The Act creates two separate but related offences – the first to prevent facilitation of UK tax evasion and the second to prevent facilitation of foreign tax evasion. Prosecuting foreign tax evasion requires the approval of the Director of Public Prosecutions or the Director of the SFO, so will in all likelihood be reserved for more serious failures on behalf of the corporate body or more extreme instances of tax evasion.

The key ingredients of the new offences are that (1) a person evades tax; and (2) an "associate" of the relevant corporate body criminally facilitates the evasion whilst acting as an associate of that body, i.e. by "performing services for or on behalf of" the corporate body.

The new offences are an example of the Government's continued focus on two key areas of interest:

  1. measures seeking to eradicate tax evasion; and

  2. a new breed of "corporate" criminal offences that render corporate bodies liable for the acts of individual employees or agents acting on their behalf (modelled on the "failure to prevent bribery" offence created by the Bribery Act 2010).

It is also worth noting the following three key features of the new offences:

  1. the offences can be committed by any corporate body whether or not that body is established for business purposes;

  2. the offences can be committed even if the senior management of the corporate body has no knowledge or awareness of the individual's acts that facilitated the evasion; and

  3. the corporate body can be prosecuted regardless of whether the individual facilitating the evasion or the individual carrying out the evasion is prosecuted or found liable. In fact, it will be possible for either the facilitator or the evader to make a disclosure of their individual acts in order to assist prosecution of the corporate body and secure their own immunity from prosecution.

The only defence available to a corporate body facing an accusation of committing either offence will be to show that the body has "reasonable prevention procedures" in place to prevent tax evasion being facilitated. The clear message to professional bodies is to ensure that proper procedures are implemented and maintained to minimise the risk of those performing services on their behalf being able to facilitate tax evasion.

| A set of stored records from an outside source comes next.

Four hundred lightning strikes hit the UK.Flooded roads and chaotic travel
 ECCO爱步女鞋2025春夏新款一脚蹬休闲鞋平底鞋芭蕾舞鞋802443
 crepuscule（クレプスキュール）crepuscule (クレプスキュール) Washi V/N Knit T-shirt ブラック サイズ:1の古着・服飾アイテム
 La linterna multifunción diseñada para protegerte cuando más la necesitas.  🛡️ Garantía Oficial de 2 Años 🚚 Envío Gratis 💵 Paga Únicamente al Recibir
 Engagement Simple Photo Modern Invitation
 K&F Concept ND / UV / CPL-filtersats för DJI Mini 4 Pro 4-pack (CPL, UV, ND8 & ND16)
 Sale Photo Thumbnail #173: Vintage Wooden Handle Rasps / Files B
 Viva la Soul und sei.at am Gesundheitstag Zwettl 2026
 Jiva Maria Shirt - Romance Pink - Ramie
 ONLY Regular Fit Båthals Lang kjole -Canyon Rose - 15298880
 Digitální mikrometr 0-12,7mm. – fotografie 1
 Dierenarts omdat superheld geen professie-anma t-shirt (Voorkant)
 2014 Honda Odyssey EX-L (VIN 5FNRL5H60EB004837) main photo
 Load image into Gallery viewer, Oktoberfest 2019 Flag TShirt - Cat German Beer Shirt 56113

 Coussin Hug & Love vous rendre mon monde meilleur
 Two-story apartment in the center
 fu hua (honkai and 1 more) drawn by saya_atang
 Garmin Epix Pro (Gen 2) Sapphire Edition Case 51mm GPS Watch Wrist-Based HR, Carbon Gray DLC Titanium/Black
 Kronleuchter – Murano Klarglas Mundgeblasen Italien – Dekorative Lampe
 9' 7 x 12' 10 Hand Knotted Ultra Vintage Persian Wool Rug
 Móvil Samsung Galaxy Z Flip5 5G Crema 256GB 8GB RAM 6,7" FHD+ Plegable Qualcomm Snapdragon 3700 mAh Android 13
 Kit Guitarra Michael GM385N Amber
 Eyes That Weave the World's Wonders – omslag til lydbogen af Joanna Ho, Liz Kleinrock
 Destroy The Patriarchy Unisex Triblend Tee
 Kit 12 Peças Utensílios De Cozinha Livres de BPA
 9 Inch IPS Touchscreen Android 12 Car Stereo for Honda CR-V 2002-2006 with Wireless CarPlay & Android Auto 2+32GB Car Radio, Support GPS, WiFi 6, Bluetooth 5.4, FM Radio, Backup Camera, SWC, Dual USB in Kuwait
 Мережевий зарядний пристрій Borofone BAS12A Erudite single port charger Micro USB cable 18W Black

In light of recent research indicating that over 50% of the financial services and accountancy sector are not aware of the new rules, advisory firms should act now to ensure that their services are not provided in a way that could risk facilitating tax evasion and that prevention procedures are in place before September. Clearly, firm's services linked to tax planning will be directly affected as an over-zealous employee wishing to provide the best service for clients could risk recommending a course of action that may step over the line into tax evasion. However, firms should also take care to identify less obvious business areas that involve high risk scenarios such as clients or suppliers with businesses that often deal with payments in cash or moving money off-shore.